Fedweek Legal

A decision by the Merit Systems Protection Board on June 8 (Sachs v. OPM, CH-844E-04-0087-I-1), while not stating new law, is instructive as a reminder regarding the importance of presenting all known evidence at hearing and not at the appeal. The decision also reminds of the importance of preserving objections to the rulings of the administrative judge–not only those made at the hearing, but at the prehearing as well.

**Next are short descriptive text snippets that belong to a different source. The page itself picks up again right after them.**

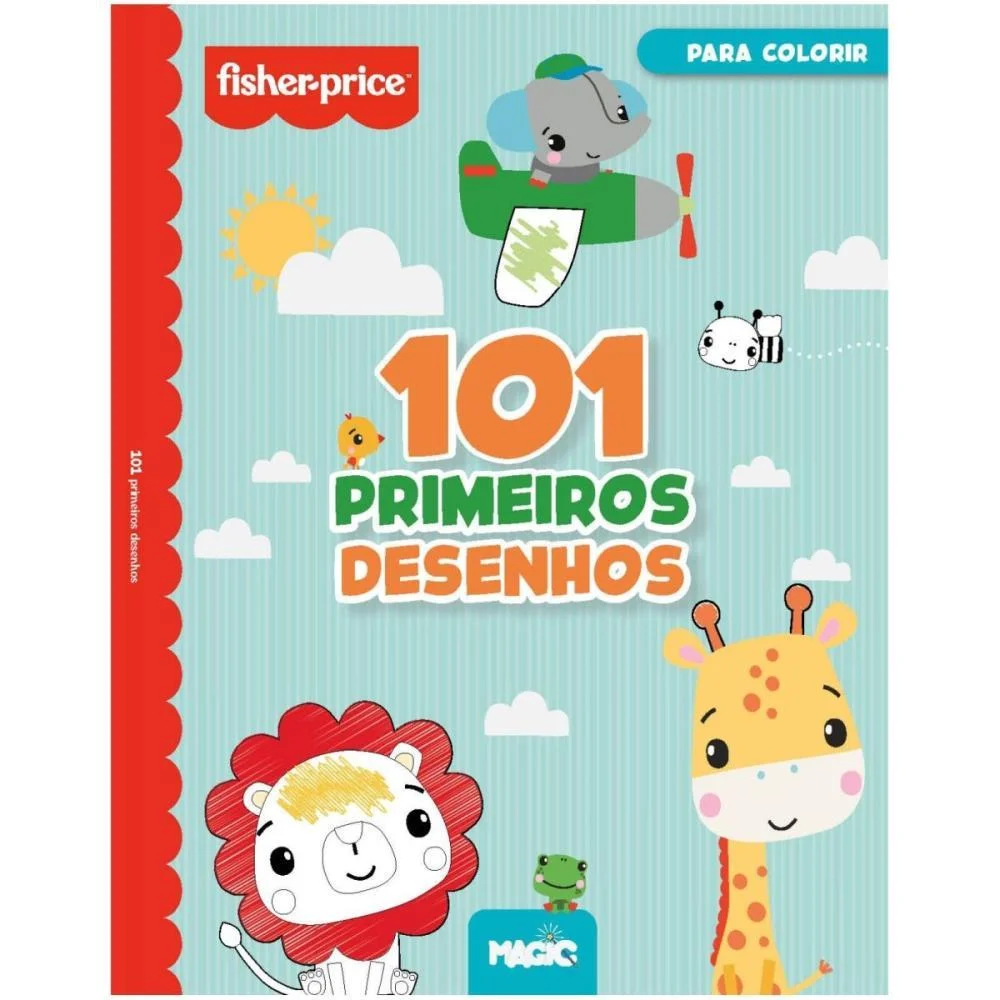 LIVRO INFANTIL COLORIR 101 DESENHOS FISHER PRICE 104P MAGIC KIDS (UNIDADE) - imagem 3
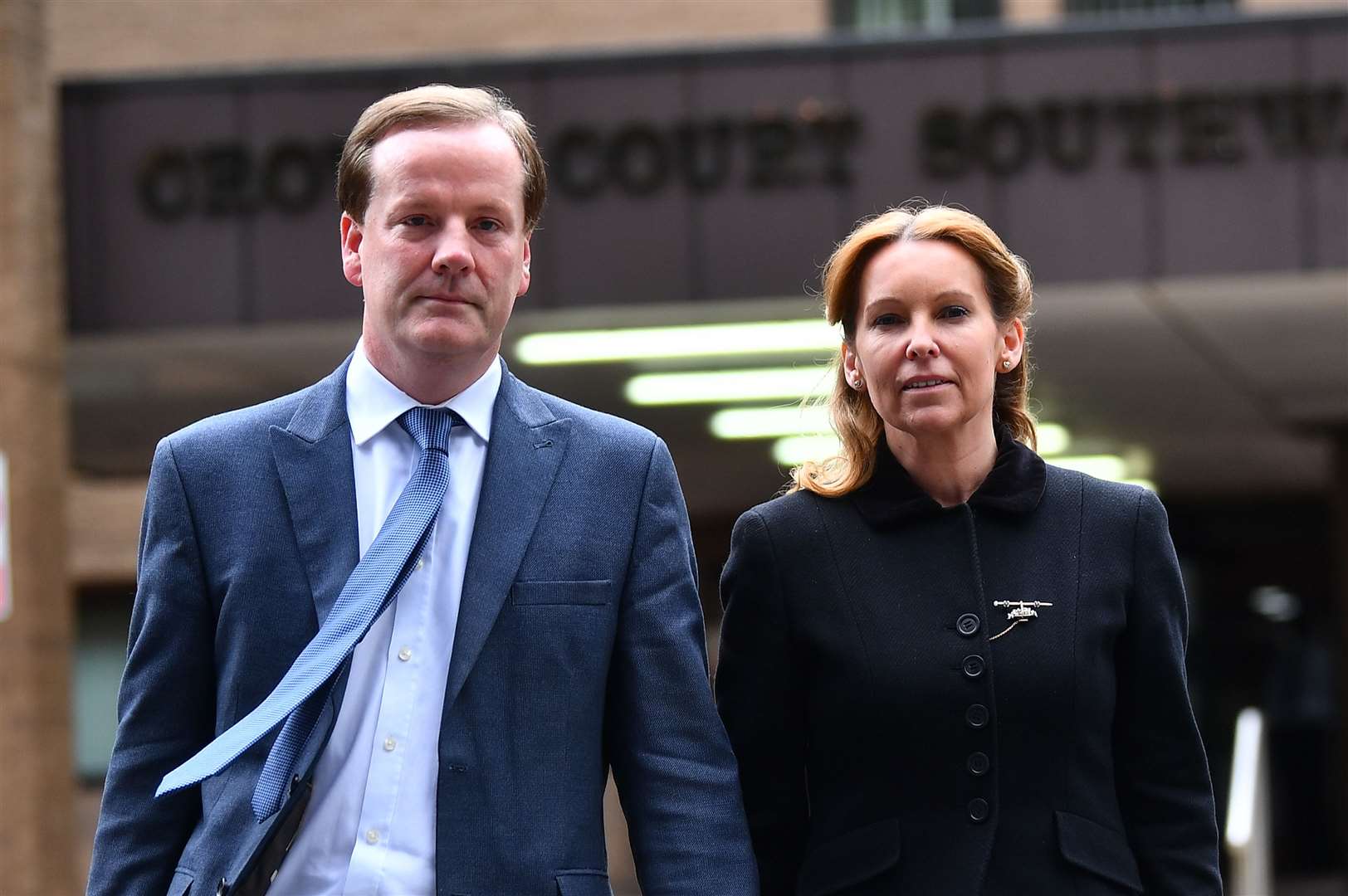 Former Conservative MP Charlie Elphicke, with MP for Dover Natalie Elphicke, at Southwark Crown Court (Victoria Jones / PA)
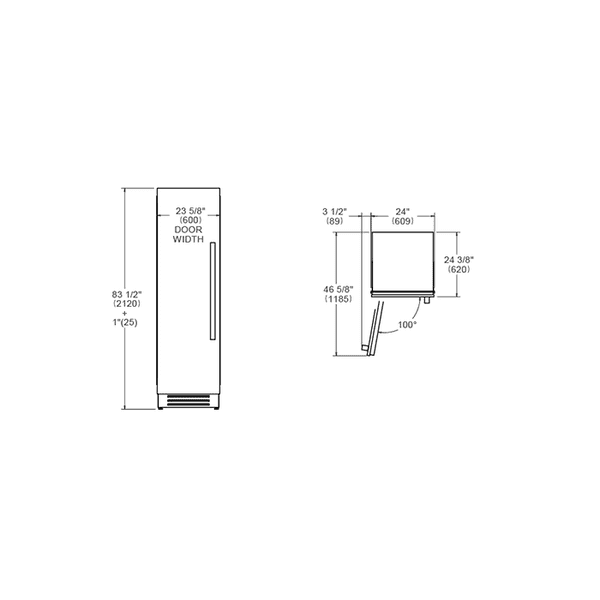 Bertazzoni Master Series - 60 cm Built-in Freezer Column Stainless Steel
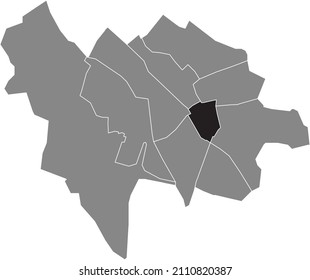 Black flat blank highlighted location map of the BINNENSTAD QUARTER inside gray administrative map of Utrecht, Netherlands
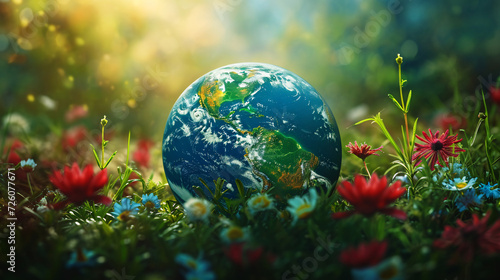 Vibrant image of Earth amidst colorful flowers representing environmental conservation, suitable for Earth Day themes. #726077671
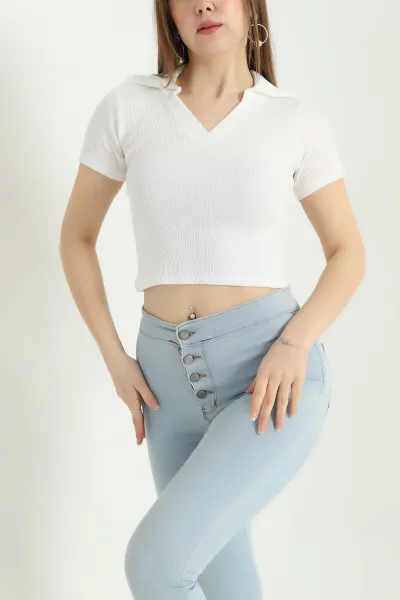 Beyaz Polo Yaka Fitilli Bluz 338292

In Sachs, an employee of the Department of Navy applied for disability retirement. OPM denied the employee’s application, he appealed to the Board, and the AJ upheld OPM’s decision. On appeal, the employee claimed that the AJ erred by disallowing his request for the testimony of two witnesses. The AJ had denied those witnesses at the prehearing conference, finding that their testimony would be irrelevant. The Board found that the employee had waived any objection to the AJ’s witness rulings because the hearing record did not reflect that the employee had objected to the AJ’s prehearing witnesses rulings. Accordingly, this holding indicates the importance of noting all objections to the AJ’s rulings on the hearing record, including noting objections to rulings made prior to the start of the hearing.

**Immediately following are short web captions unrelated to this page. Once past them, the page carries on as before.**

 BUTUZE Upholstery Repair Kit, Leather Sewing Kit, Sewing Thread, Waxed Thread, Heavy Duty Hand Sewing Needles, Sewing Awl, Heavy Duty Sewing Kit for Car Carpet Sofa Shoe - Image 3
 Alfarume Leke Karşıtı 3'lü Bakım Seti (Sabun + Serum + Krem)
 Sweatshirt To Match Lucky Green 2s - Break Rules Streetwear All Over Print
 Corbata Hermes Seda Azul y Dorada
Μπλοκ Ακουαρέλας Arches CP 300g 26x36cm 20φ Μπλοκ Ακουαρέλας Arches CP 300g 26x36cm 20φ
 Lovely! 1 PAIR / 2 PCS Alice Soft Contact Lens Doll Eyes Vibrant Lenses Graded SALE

In addition, the employee on appeal asked the Board to consider new evidence obtained after the close of the hearing record. The Board does not consider evidence submitted for the first time with the petition for review without a showing that the evidence was unavailable before the record was closed despite the party’s due diligence. The Board further reminded in Sachs that it is the information in the documents that must have been unavailable, not the documents themselves. So, for example, a letter from the employee’s psychologist dated after the close of the record, which supported the claim for disability retirement, was not considered by the Board. The Board noted that the letter from the doctor was not based on information not known prior to the close of the record. In contrast, a decision by the Department of Veteran Affairs that was issued after the close of the record, which retroactively upgraded the employee’s prior 50 percent disability rating to a 100 percent rating, was considered. The Board also noted that the decision by the DVA that the employee was 100 percent disabled was not issued at the time of the decision and could not have been considered by the Board, or OPM.

The Board remanded this case for further consideration of appellant’s entitlement to disability retirement in his position of record, at the time of filing his application. Sachs clearly demonstrates the importance of putting forth your best case at hearing, with all relevant evidence, and not “saving” arguments or evidence for the appeal.